Amy Hundley writes in the New Yorker about a notorious recent case of unacknowledged literary quilting:
I [Hundley] was the editor at Grove/Atlantic to whom Quentin Rowan’s novel “Appearance and the Park” was submitted (“The Plagiarist’s Tale,” by Lizzie Widdicombe, February 13th & 20th). Widdicombe writes that the editor in question thought that “its plot was too close to that of another of the house’s books, ‘My Idea of Fun,’ by Will Self,” and I can only assume that this explanation came from Rowan. In fact, Rowan had lifted a passage nearly verbatim from Will Self’s novella “The Sweet Smell of Psychosis.” It was an especially delicious one, in which Self describes the media denizens of a particular bar. I recognized it immediately and informed his agent that he’d plagiarized it. Writing a plot similar to a successful novelist’s—something that can arise innocently—is very different from plagiarizing. Appropriating and remixing someone else’s work while acknowledging sources is also very different from attempting to pass off that work as one’s own. Rowan seems determined to communicate that he was never caught at his game until now, and that, somehow, publishing enabled him in his pathology. But he chose to plagiarize, and he’s lying about it now.

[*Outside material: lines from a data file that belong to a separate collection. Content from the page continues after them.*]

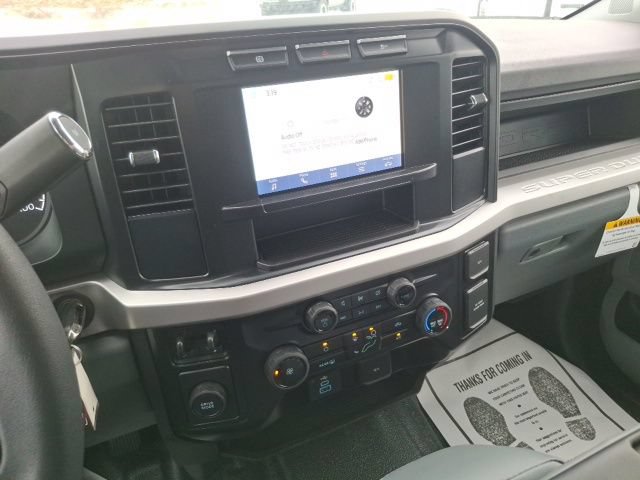 Used 2024 Ford F550 2WD Crew Cab Super Duty image 12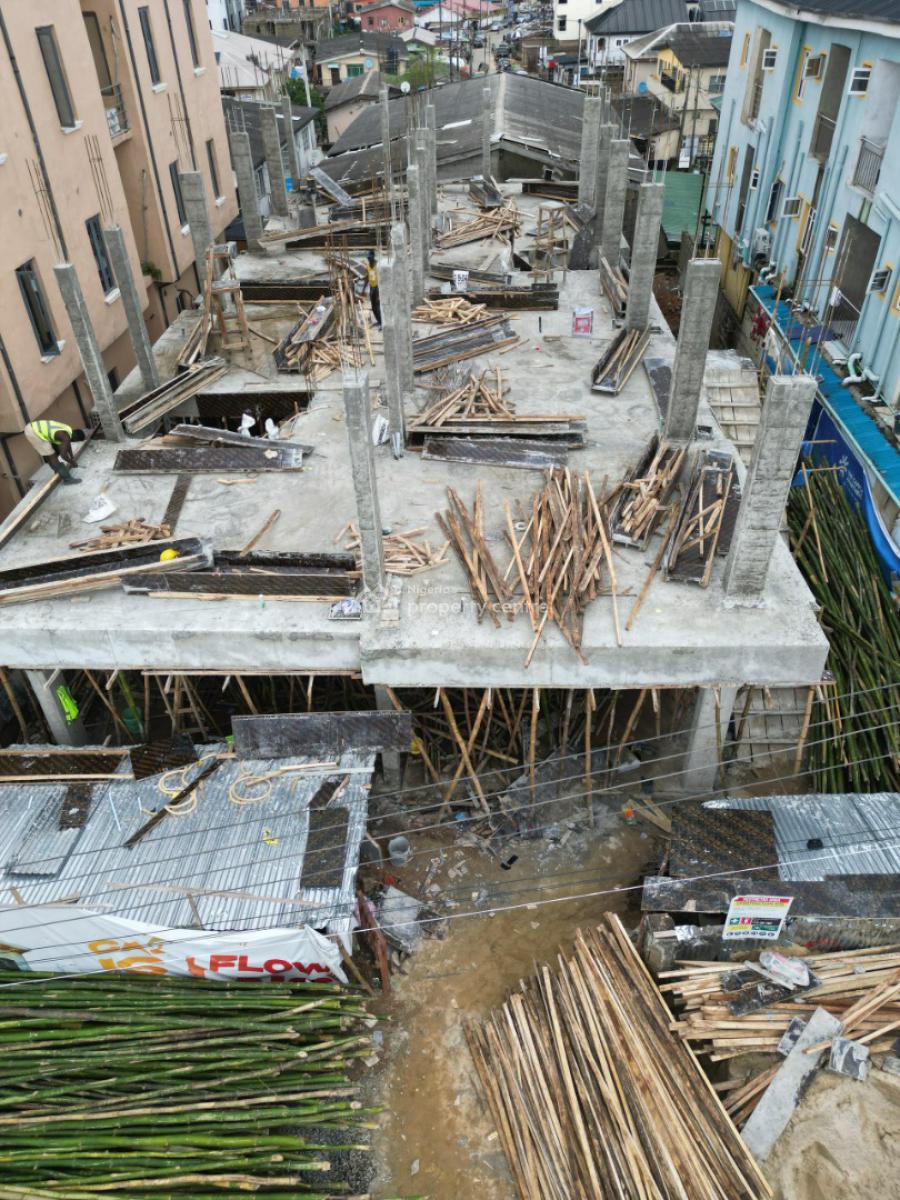 Luxury Apartment in a Serene Environment, a Minute Drive From Unilag Yaba., Yaba, Lagos, Flat / Apartment for Sale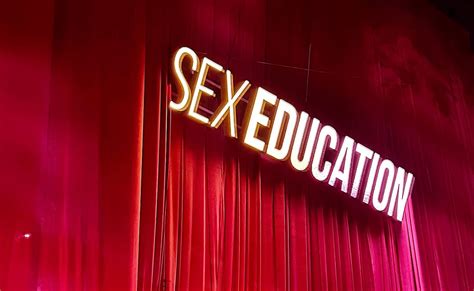 Sex Education En La Ciudad De México ¿dónde Y Cuándo Vivir La Experiencia Inmersiva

Once someone is outed as a plagiarist, it makes me less likely to trust anything else he writes. It’s pretty scary—or, should I say, it’s pretty “meta”—how Rowan now is apparently lying about how he lied about his lying. Shattered glass, indeed.
I’m glad that such things don’t happen in academic statistics. I’m pretty sure that if a statistician were caught plagiarizing, he’d give an immediate and sincere apology and do his best to make restitution for any public funds expended when he was plagiarizing instead of doing real research.